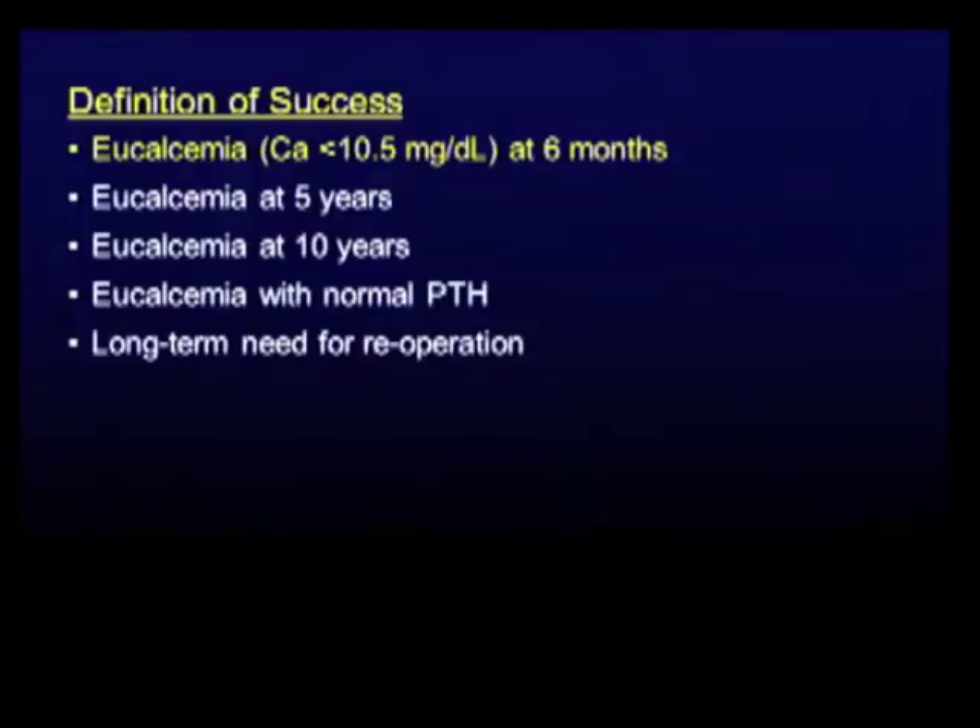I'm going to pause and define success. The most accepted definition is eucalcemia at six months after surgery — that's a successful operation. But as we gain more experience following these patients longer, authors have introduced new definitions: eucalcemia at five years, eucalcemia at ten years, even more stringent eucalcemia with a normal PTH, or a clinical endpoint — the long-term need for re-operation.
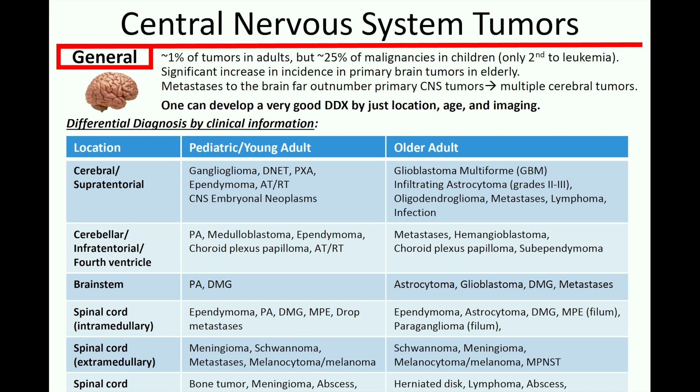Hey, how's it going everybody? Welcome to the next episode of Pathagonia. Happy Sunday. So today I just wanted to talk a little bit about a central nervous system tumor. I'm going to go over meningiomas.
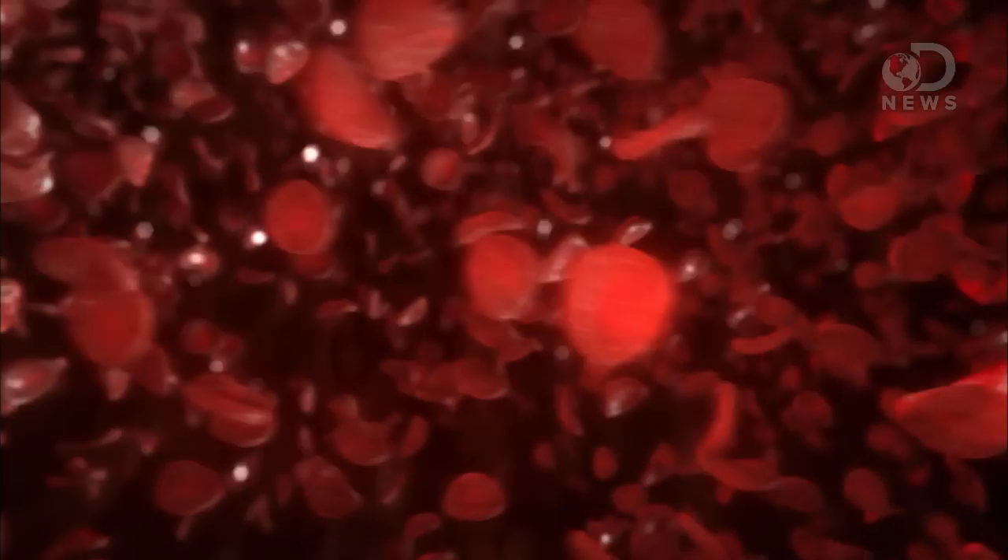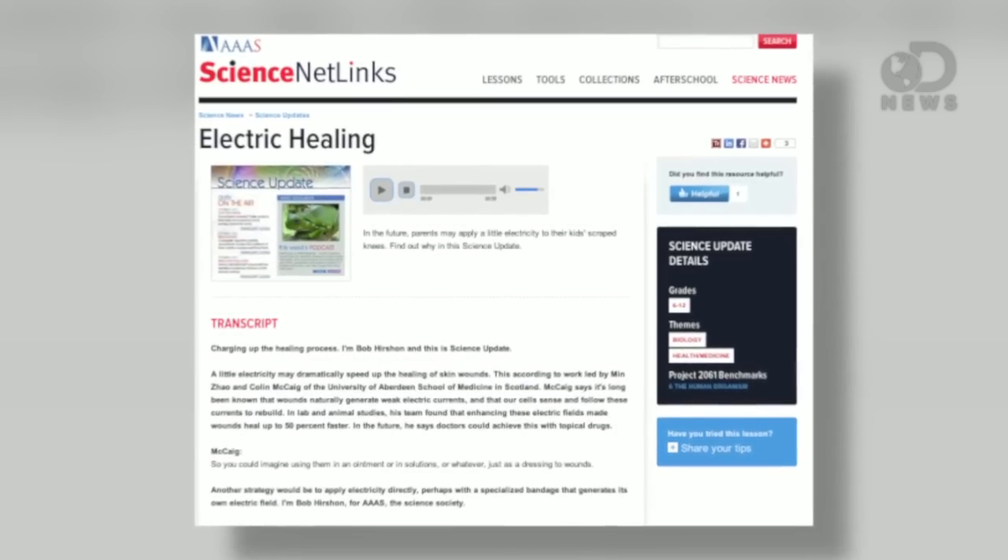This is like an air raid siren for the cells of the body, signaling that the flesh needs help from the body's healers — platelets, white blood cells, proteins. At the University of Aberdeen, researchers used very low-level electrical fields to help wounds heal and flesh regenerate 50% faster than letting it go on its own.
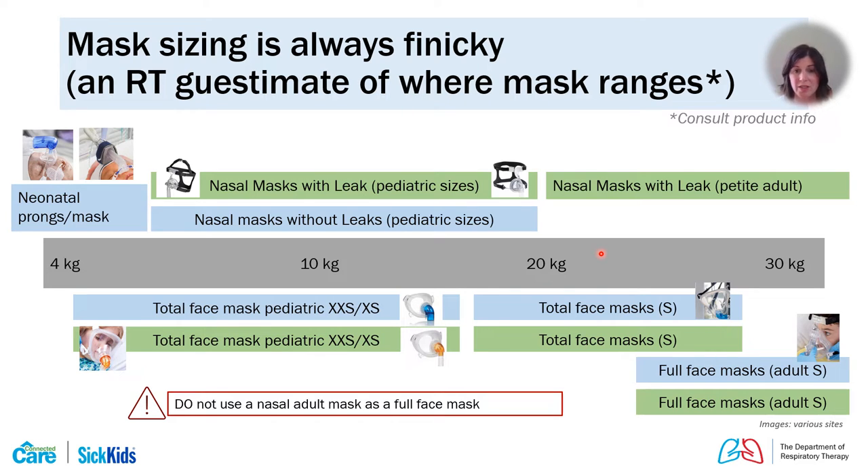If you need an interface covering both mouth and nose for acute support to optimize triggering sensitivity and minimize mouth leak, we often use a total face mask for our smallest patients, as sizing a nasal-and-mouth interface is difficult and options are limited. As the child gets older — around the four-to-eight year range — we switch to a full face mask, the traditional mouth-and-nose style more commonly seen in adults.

* * *

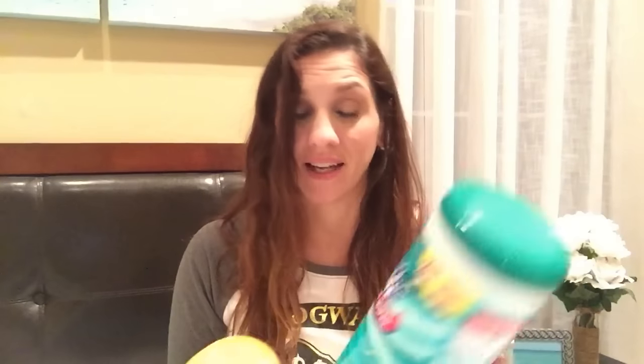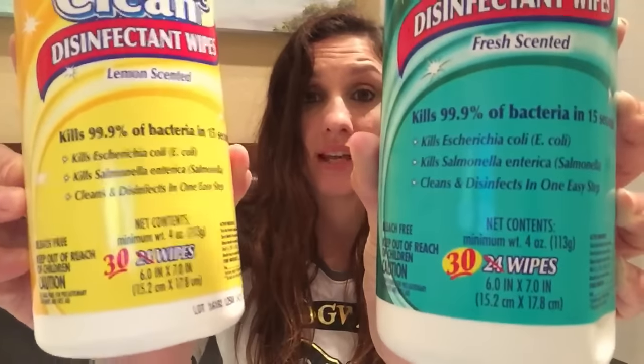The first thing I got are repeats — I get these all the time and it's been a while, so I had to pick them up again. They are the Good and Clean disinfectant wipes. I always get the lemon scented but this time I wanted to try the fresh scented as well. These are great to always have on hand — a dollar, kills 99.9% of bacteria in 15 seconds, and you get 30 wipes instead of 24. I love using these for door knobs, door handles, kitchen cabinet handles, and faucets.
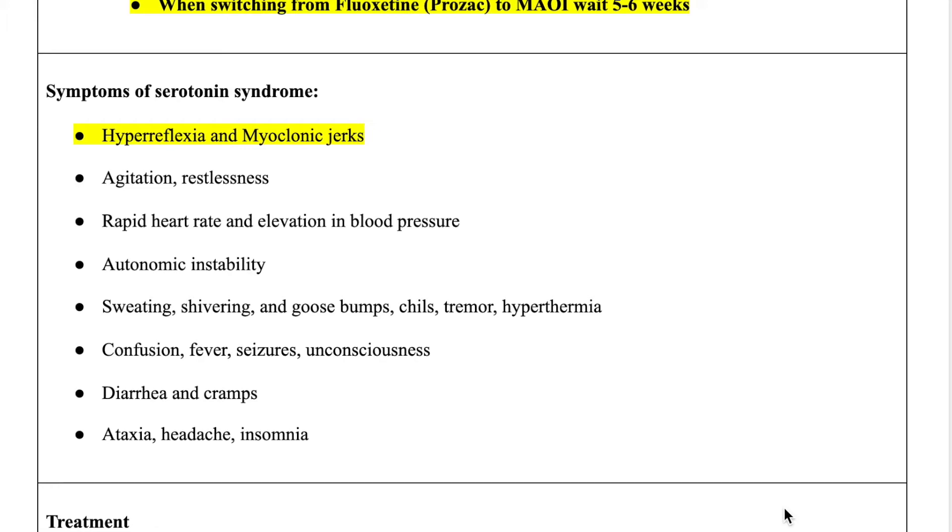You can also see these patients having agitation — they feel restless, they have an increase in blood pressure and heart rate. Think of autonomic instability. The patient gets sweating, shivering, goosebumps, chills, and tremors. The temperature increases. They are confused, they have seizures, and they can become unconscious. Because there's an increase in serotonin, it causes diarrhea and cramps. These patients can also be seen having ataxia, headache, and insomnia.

#### Problem description
From the records above, write out exactly the lines that begin at the line with "The first thing" and end at the line with "You can also". Pictures must not appear in the output.

#### Solution
The first thing I got are repeats — I get these all the time and it's been a while, so I had to pick them up again. They are the Good and Clean disinfectant wipes. I always get the lemon scented but this time I wanted to try the fresh scented as well. These are great to always have on hand — a dollar, kills 99.9% of bacteria in 15 seconds, and you get 30 wipes instead of 24. I love using these for door knobs, door handles, kitchen cabinet handles, and faucets.
You can also see these patients having agitation — they feel restless, they have an increase in blood pressure and heart rate. Think of autonomic instability. The patient gets sweating, shivering, goosebumps, chills, and tremors. The temperature increases. They are confused, they have seizures, and they can become unconscious. Because there's an increase in serotonin, it causes diarrhea and cramps. These patients can also be seen having ataxia, headache, and insomnia.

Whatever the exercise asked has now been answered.